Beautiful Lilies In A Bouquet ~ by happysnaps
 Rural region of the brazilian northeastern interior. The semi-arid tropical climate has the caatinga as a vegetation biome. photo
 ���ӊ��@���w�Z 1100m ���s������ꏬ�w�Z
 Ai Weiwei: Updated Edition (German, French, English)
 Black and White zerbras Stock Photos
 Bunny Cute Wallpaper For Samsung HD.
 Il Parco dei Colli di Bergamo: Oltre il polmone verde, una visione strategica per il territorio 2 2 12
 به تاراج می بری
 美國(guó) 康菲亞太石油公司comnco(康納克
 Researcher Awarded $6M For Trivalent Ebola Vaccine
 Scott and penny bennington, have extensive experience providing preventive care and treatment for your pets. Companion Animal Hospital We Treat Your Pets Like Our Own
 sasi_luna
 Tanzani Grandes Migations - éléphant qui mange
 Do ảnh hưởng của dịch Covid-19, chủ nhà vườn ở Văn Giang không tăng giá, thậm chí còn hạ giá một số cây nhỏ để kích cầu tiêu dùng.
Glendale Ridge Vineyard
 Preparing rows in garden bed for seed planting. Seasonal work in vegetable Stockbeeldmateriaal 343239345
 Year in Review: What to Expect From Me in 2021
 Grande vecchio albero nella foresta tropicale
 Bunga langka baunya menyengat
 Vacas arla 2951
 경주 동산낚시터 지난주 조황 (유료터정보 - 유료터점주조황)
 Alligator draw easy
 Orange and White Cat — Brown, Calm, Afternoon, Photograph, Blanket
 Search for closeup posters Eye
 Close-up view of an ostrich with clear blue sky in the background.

(Task requirements): Set apart and copy each line of the records that holds the word "White".

(Problem solution):
 Black and White zerbras Stock Photos
 Orange and White Cat — Brown, Calm, Afternoon, Photograph, Blanket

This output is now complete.